Sunday, August 17, 2014
I was up for a challenge. So, when asked to contribute a sculptural work of art for a late-summer auction, I said yes. The cause is a good one: Cincinnati's YWCA, and the benefit at which the piece will be auctioned Aug. 24 is being cooked up by some of the area's top female chefs. On top of that: all the art is created by women.
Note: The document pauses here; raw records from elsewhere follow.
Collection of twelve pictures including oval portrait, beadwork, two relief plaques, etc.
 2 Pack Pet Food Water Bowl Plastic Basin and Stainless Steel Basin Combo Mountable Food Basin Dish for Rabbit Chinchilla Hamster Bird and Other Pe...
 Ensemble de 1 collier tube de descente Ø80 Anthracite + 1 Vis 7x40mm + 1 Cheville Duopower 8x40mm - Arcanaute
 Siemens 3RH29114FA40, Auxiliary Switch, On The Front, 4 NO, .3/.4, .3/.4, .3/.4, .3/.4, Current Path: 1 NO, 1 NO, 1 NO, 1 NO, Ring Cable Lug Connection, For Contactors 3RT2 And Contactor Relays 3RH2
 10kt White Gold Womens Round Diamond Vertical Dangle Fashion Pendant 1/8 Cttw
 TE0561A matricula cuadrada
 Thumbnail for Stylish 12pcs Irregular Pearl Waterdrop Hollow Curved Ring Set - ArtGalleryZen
Besides, ever since making a trio of cake collages for an exhibit last year, I've toyed with the idea of creating a 3-D paper cake. Here was my chance. It turned out to be, um, a learning experience. It also turned out to take more time, much more time, than I thought it would.
I punched paper, cut it, glued it, braided it, tore it, die cut it, twisted it, made it double sided, wired it for flexibility, sewed it, curled it around pencils and paint brushes, played with color combinations and shapes, and even colored it. A bin of rejects attests to my experiments.
Book making, and sewing techniques were employed to cover the boxes, and to make some of the icing" trim (such as the pleated fancy on the middle layer). A look through newly purchased Victorian cake books, gave me almost too much to think about, After all, excess is a hallmark of the Victorian era.
Here's how it came together. And even though it's on exhibit in Brazee Street Studios' gallery one one through Saturday, it wouldn't be difficult to sneak in and tweak it. After all, the gallery is right across the hall from my studio.